La Palabra de Dios hoy nos
dice: el profeta es un enviado de Dios. Jesús, el verdadero y supremo profeta,
hace a sus discípulos partícipes de su misma identidad. Así como él ha sido
enviado por el Padre, envía él a sus discípulos.
Los católicos somos enviados
al mundo entero a transmitir la Palabra de vida que cura y libera. Y es
fundamental que el modo de transmisión y la vida de los que transmitimos se
corresponda con aquello que esa Palabra anuncia. Por desgracia, no siempre es
así y, aunque esto no invalida el mensaje evangélico, la incoherencia de vida
puede mermar mucho la eficacia del anuncio y el testimonio. En este punto es
importante que cada cual se examine a sí mismo. Decía san Doroteo que “la causa
de toda perturbación consiste en que nadie se acusa a sí mismo”. Entre los
cristianos existen santos y pecadores, completamente entregados, o que viven a
medio gas o, incluso, en contra de lo que dicen profesar. Las palabras de Jesús
hoy han de ser un espejo en que cada uno debe mirarse a sí mismo.

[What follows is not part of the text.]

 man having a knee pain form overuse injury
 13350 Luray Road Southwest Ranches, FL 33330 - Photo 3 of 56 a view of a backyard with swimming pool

Todos los cristianos, enviados
de un modo u otro, a testimoniar y anunciar el Evangelio según nuestra
vocación, somos invitados a reflexionar sobre la calidad de nuestro testimonio
y sobre nuestra coherencia de vida. Como aquellos discípulos, enviados de dos
en dos, tenemos que comprender que para poder cumplir esta misión tenemos que
empaparnos antes de esta palabra viva que es el contacto personal con
Jesucristo. El mero hecho de ser enviados puede ya ser un signo de que, en
cierto sentido, nos convertimos en extranjeros en nuestra propia tierra en la
que la Palabra puede encontrar una fuerte oposición. Y es que es cierto que la
Palabra que Dios nos dirige es con frecuencia incómoda, difícil de aceptar, ya
que denuncia lo que en nosotros y en nuestro entorno la contradice. Pero
tenemos que tener también la certeza y la experiencia personal de que, pese a esas
dificultades, lo que la Palabra de Dios quiere transmitirnos es, en realidad, una
buena noticia, una bendición.
En una palabra, es fundamental
que cada uno de nosotros los creyentes, elegidos y enviados, encarnemos en
nosotros mismos, en nuestras actitudes, palabras y obras, que la fe que creemos
y profesamos es realmente una Buena Noticia.